## What you have to do
In the material below, find the line containing "出纳职业发展方向怎么写？-第2张图片-指南针培训网" and the line containing "marketing mix or 7Ps". Output those two lines and all lines between them exactly, without pictures.
[[ Material supplied, beginning ]]
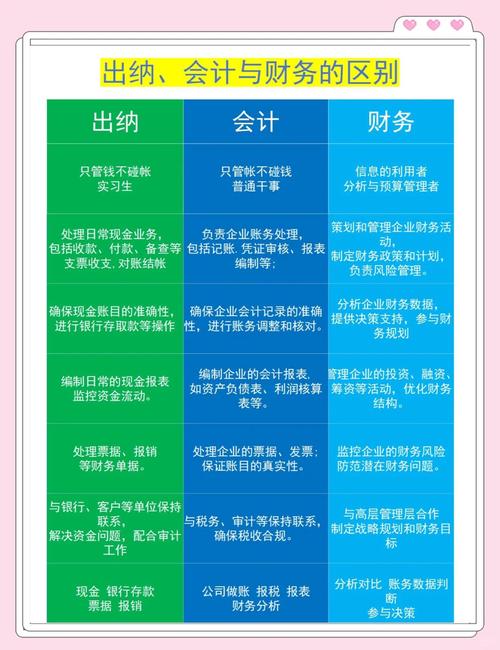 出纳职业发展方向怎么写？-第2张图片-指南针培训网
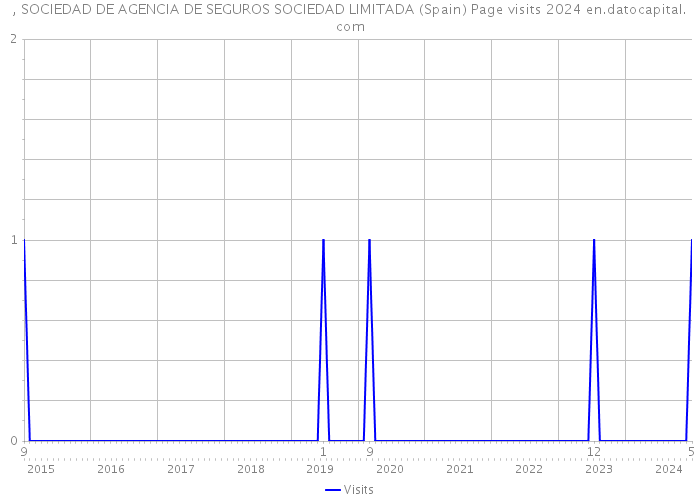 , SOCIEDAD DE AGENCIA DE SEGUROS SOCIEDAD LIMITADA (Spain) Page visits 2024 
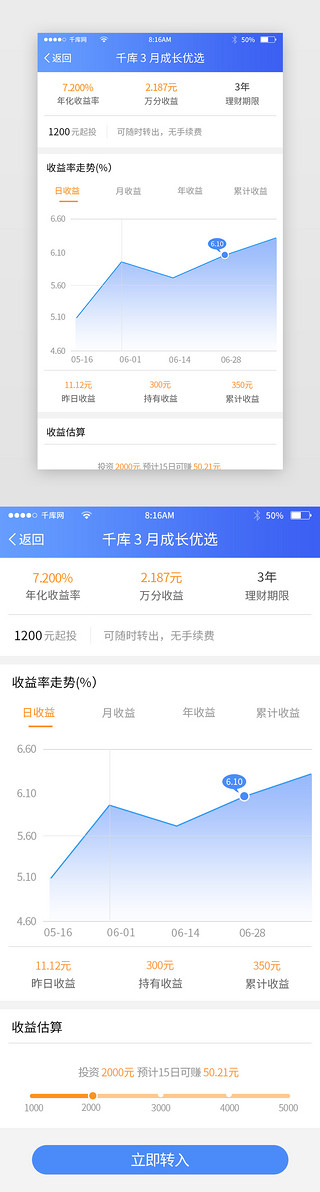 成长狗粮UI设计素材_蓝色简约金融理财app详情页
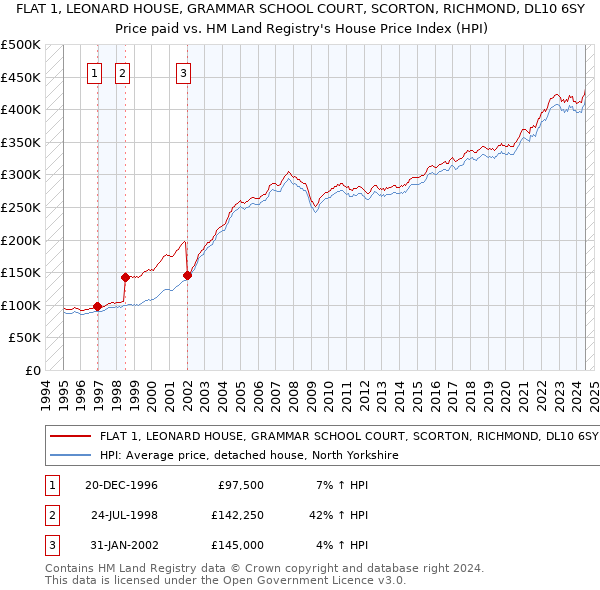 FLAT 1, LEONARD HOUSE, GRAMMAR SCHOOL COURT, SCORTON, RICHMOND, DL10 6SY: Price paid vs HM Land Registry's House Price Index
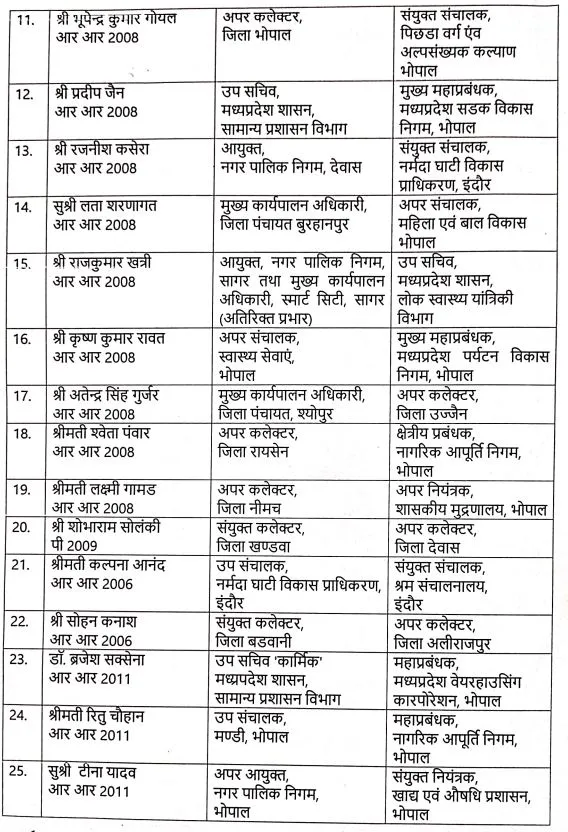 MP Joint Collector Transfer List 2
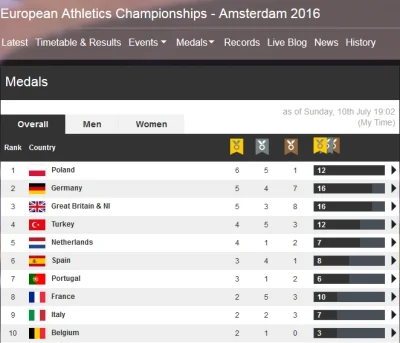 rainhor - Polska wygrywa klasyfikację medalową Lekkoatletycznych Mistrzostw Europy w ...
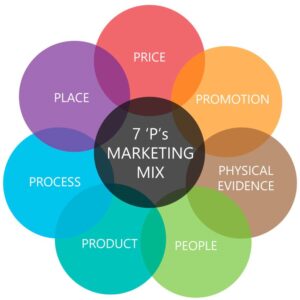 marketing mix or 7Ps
[[ Material supplied, end ]]
[[ Material supplied, beginning ]]
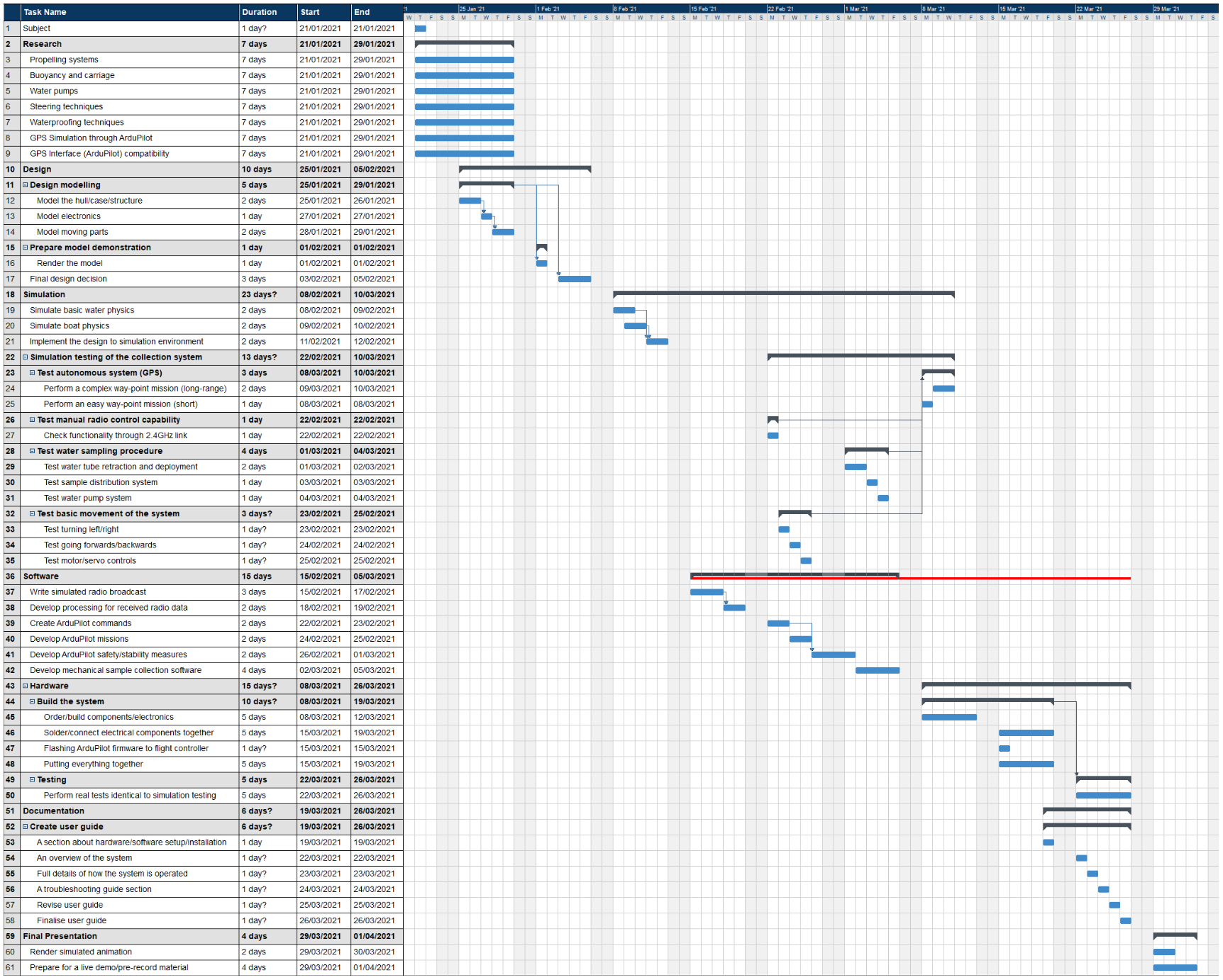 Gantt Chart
[[ Material supplied, end ]]
[[ Material supplied, beginning ]]
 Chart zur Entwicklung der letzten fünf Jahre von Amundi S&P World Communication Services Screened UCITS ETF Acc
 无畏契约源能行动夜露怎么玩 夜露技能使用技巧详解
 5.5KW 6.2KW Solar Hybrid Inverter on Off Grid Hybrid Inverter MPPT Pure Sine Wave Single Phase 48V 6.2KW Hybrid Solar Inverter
[[ Material supplied, end ]]
## Solution for this problem
 出纳职业发展方向怎么写？-第2张图片-指南针培训网
 , SOCIEDAD DE AGENCIA DE SEGUROS SOCIEDAD LIMITADA (Spain) Page visits 2024 
 成长狗粮UI设计素材_蓝色简约金融理财app详情页
 FLAT 1, LEONARD HOUSE, GRAMMAR SCHOOL COURT, SCORTON, RICHMOND, DL10 6SY: Price paid vs HM Land Registry's House Price Index
 MP Joint Collector Transfer List 2
 rainhor - Polska wygrywa klasyfikację medalową Lekkoatletycznych Mistrzostw Europy w ...
 marketing mix or 7Ps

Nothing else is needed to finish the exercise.